3. People convicted in UK for refusing to surrender cryptographic keys
============================================================
According to the Annual Report of the Chief Surveillance Commissioner Sir
Christopher Rose to the UK Prime Minister and Scottish Ministers, people
were sentenced between 1 April 2008 and 31 March 2009 for not having given
their passwords or cryptographic keys, on the basis of powers provided to
authorities by section 49 of the Regulation of Investigatory Powers Act
(RIPA) that came into force in October 2007.
The law, initially intended to deal with organised crime and terrorism,
allows the police and other enforcement agencies to demand from a person
passwords, encryption keys or a clear text transcript of encrypted texts.
Failure to comply can result in two years imprisonment for cases not
involving national security, or five years for terrorism or similar
offences.

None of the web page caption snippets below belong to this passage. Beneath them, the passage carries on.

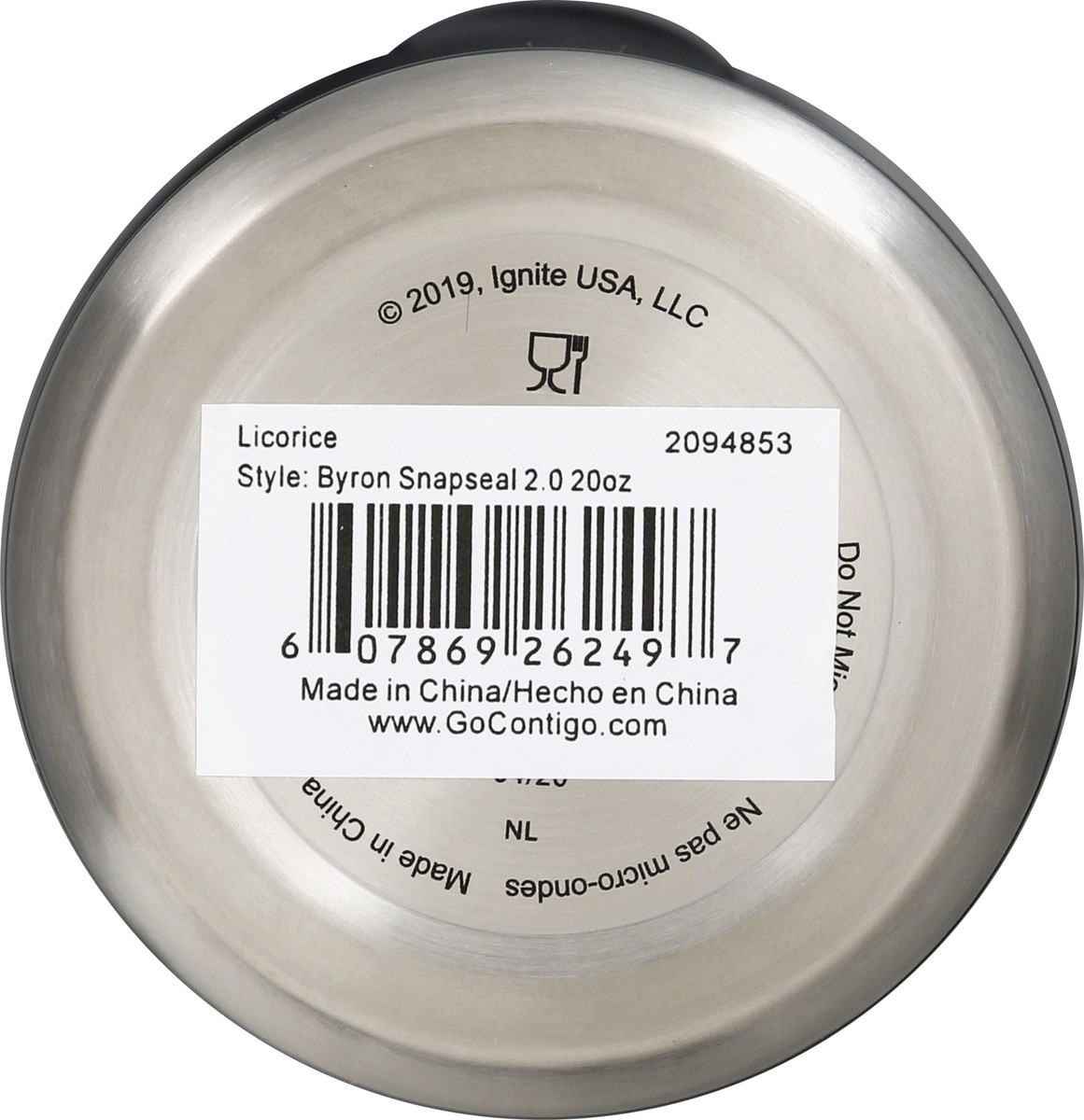 slide 5 of 9, Contigo 20 Ounce Licorice Tavel Mug 1 ea, 1 ct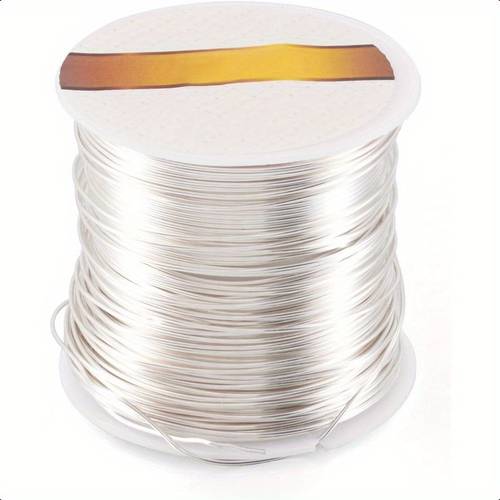 42 6 feet tarnish resistant copper wire 21 gauge wire jewelrywire beading craft wire for jewelry making silvery
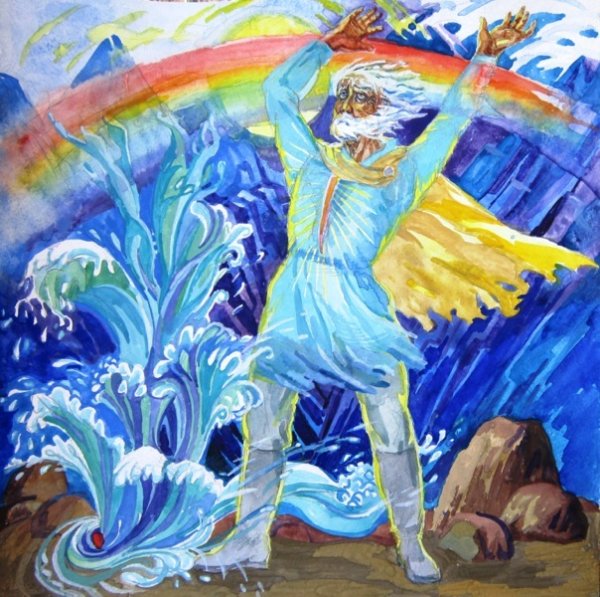 Дочь Байкала Ангара и богатырь Енисей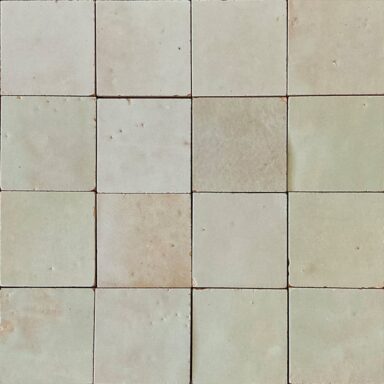 Zellige marocain Vert Tilleul - 5 x 5 cm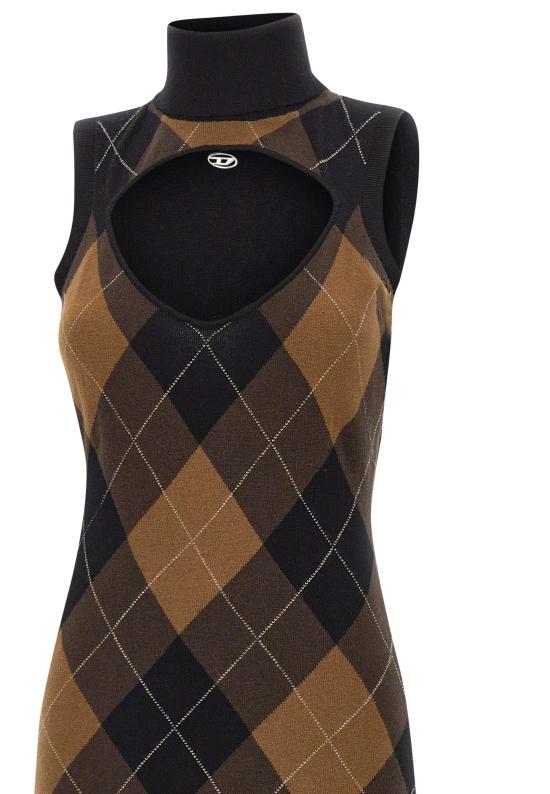 25FW 디젤 미디 원피스 A19695 0JLBB9XX Black - DIESEL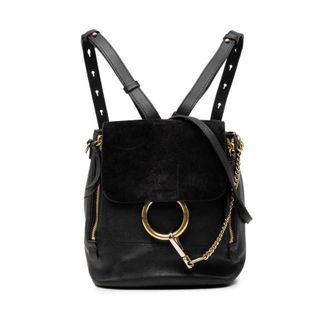 Chlo&eacute; Pre-owned Chloe Medium Calfskin and Suede Faye Backpack Ladies G4H1DKUNOG3JAZE7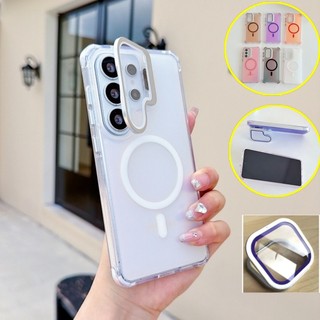 Ốp Điện Thoại Chống Sốc Từ Tính Cho Samsung Galaxy S26 S25 S24 Ultra Plus S25 FE A57 A56 A36 A26 A17 Ốp Lưng Có Chân Đế Phim Ống Kính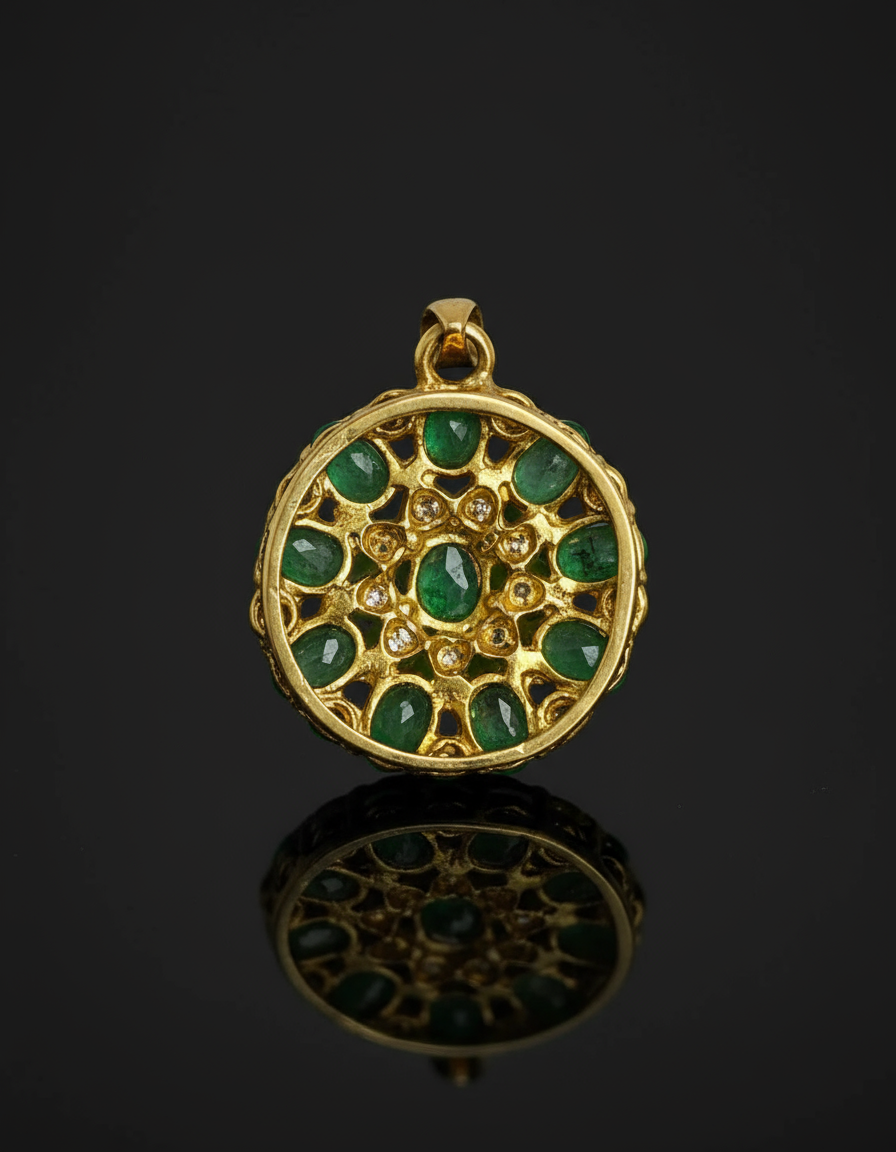Ciondolo Smeraldi e Diamanti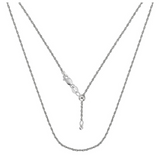 Solid 925 Sterling Silver Adjustable Chain Necklaces - 3 Style Options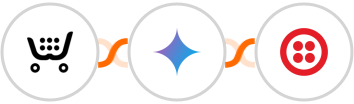 Ecwid + Gemini AI + Twilio Integration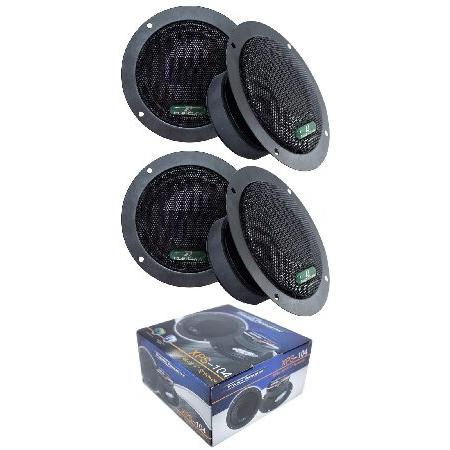 【並行輸入品】 P Acoustik 4X シールドバック 4インチ 1200W ミッドレンジ カー...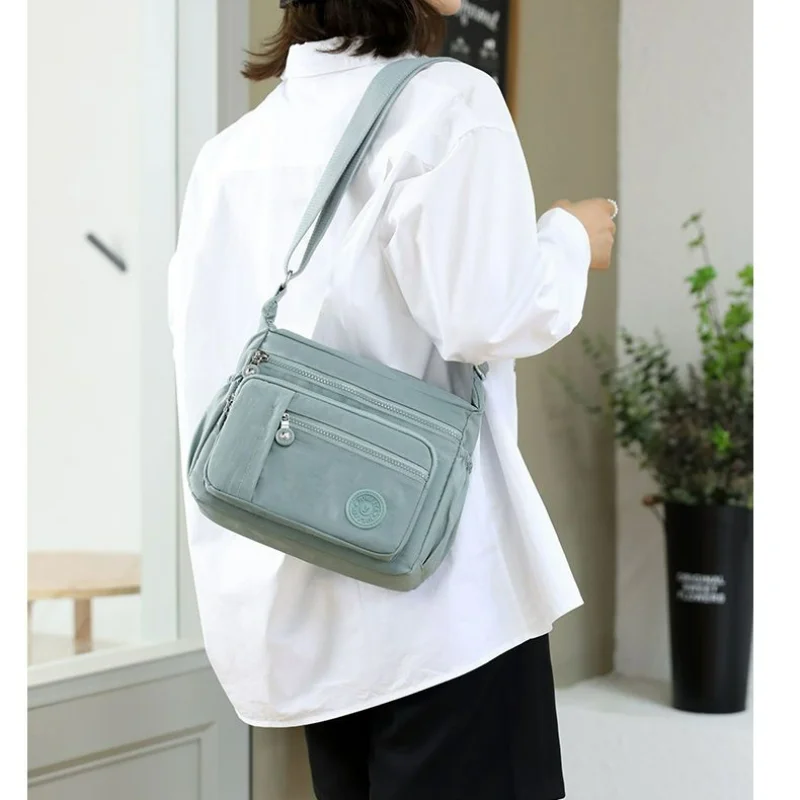 2023 New Waterproof Nylon Bag Women Shoulder Crossbody Canvas Bags Oxford Fabric Wrap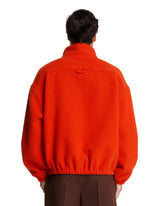 Orange Wool Fleece with Zip | PDP | Antonia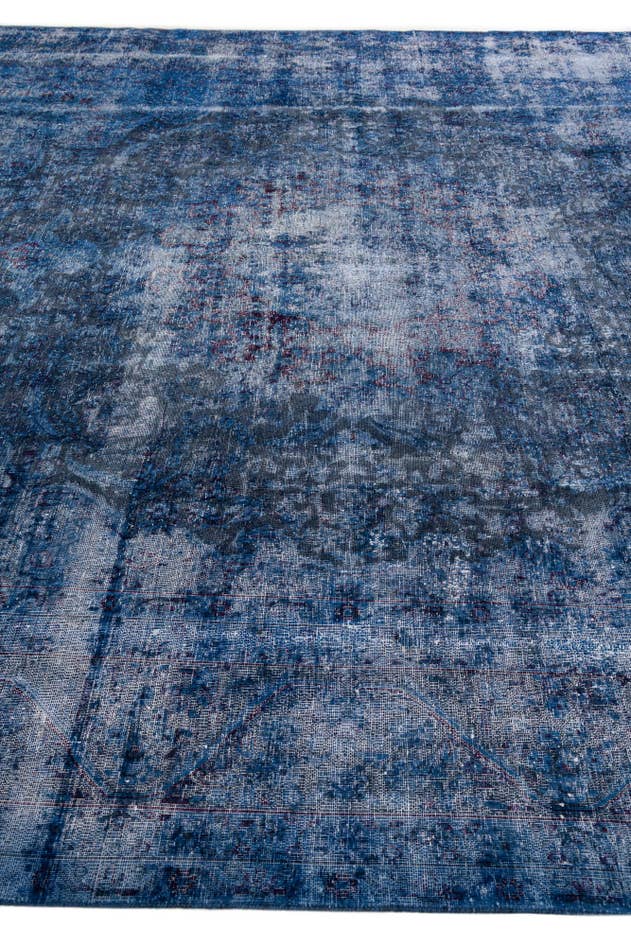 Detail image of 9' 7 x 12' 4 Hand Knotted Ultra Vintage Persian Wool Rug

The required data can be even several years old.
The report, ordered by the House of Commons, shows that there were 26
applications for section 49 RIPA powers, out of which 17 obtained permission
from a judge to proceed. Out of the 17, 15 notices were served and 11 people
having received the notices failed to comply with the request. The actions
resulted in seven charges being brought and two convictions. According to
the report, the types of crimes under investigation in these cases were
"counter terrorism, child indecency and domestic extremism".
Sir Christopher was unable to give details on the two convictions or the
situations regarding the other five charges as the former High Court judge
did not provide such information and the Crown Prosecution Service stated it
could not track down any information on the cases without the defendants'
names.
According to The Home Office, the National Technical Assistance Centre
(NTAC) where the police is suppose to apply in order to obtain a section 49
notice do not follow up the results of the notices they approve and UK
Government Communications Headquarters which apparently covers NTAC, did not
answer to the request of revealing some information on these cases.
Annual Report of the Chief Surveillance Commissioner to the Prime Minister
and to Scottish Ministers for 2008-2009 (21.07.2009)
http://www.surveillancecommissioners.gov.uk/docs1/osc_annual_rpt_2008_09.pdf
Initial password prosecutions in UK (17.08.2009)
http://www.heise.de/english/newsticker/news/143617
Two convicted for refusal to decrypt data (12.08.2009)
http://www.out-law.com/page-10250
EDRi-gram: UK: Decrypt data or go to prison! (10.10.2007)
http://www.edri.org/edrigram/number5.19/ripa-part3-uk
============================================================
4. Google's Street View contested in France and Switzerland
============================================================
After being criticised and contested in several countries in Europe, such as
UK, Germany and Greece and even outside Europe like in Japan, it is the turn
of France and Switzerland to complain against Google's service Street View.
Several complaints have been recorded in France in 2009 against Street View
service as recently indicated by the French Data Protection Authority - CNIL
(Commission nationale de l'informatique et des libertis).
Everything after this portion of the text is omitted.